According to a second aspect of the invention, there is provided a composite material manufacturing system comprising a first tool having a first outer surface on which a substrate material within a matrix material can be deposited, a second tool having a second outer surface arranged to oppose the first outer surface, an actuator for moving the first and or second tools so as to apply a compacting pressure to the substrate and matrix materials therebetween, wherein at least one of the first or second tool comprises a plurality of individually controllable tool elements, and a controller arranged to control any, or any combination of the temperature, pressure and/or displacement of said elements so as to generate a desired profile in said impregnated substrate material.
The matrix material may be pre-dispersed throughout the substrate (i.e. prior to placement on the tool). The substrate material may be suspended within or by the matrix material. The substrate material may be impregnated, saturated, wetted, soaked or otherwise held within the matrix material. The matrix material may bind, e.g. loosely, the substrate material. The matrix material may be uncured.
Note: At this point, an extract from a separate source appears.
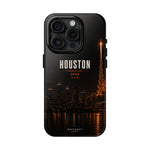 Houston Skyline Tough Phone Case — World Cup 2026 Night Cityscape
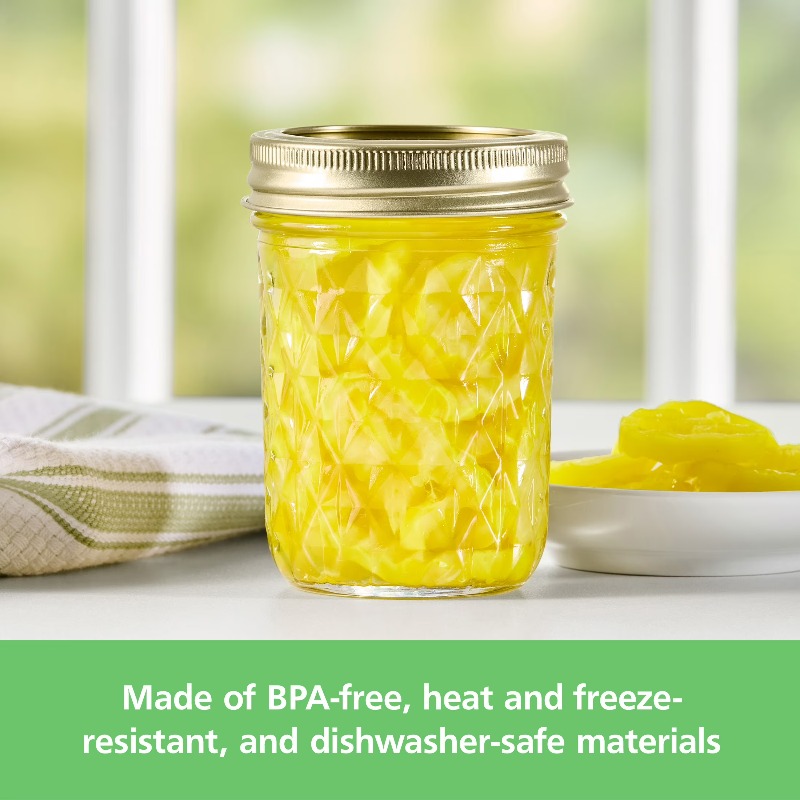8 oz Mason Jars, Regular Mouth - đánh giá và giá Mason Jar 8Oz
The matrix material may be cured or partially cured by raising the temperature of said elements.
The temperature and/or displacement of the individual tool elements may be actively controlled. The temperature and/or displacement of the individual tool elements may be controlled according to an open or closed feedback loop, with respect to time.
The plurality of tool elements may comprise an array of elements, such as, for example a two dimensional array. The array of elements may correspond to locations on the tool surface, for example so that each element corresponds to an area of the tool surface. Each element may be immediately adjacent one or more further elements of the array. Each element may be quadrilateral in section. Each element may be square or rectangular in section.
The tool elements may each have a free end which defines a portion of the shape of the tool surface. The free ends of the elements may themselves define the tool surface or else may be covered by a membrane or plate which defines the tool surface. Such a membrane or plate may comprise a thin-walled structure or may otherwise be sufficiently deformable to allow a surface profile defined by the free ends of the tool elements to be impressed upon an impregnated substrate material in the tool.
The tool elements may be arranged in a two-dimensional array within a first plane. The tool elements may be individually actuatable in a direction substantially perpendicular to said plane.
The temperature of each tool element may be individually controllable. Each tool element may comprise a heater element, such as for example a resistive heating element.
The control of the individual element may comprise initial setting and/or adjustment/updating of operation parameters during production.
A measurement device may be arranged to determine one or more geometrical parameters of the impregnated substrate material on the first tool, for example prior to debulking. The measurement device may determine a height measurement of the impregnated substrate material at a plurality of locations thereon. The measurement device may determine a surface profile for said material. A non-contact measurement device such as a scanner may be use.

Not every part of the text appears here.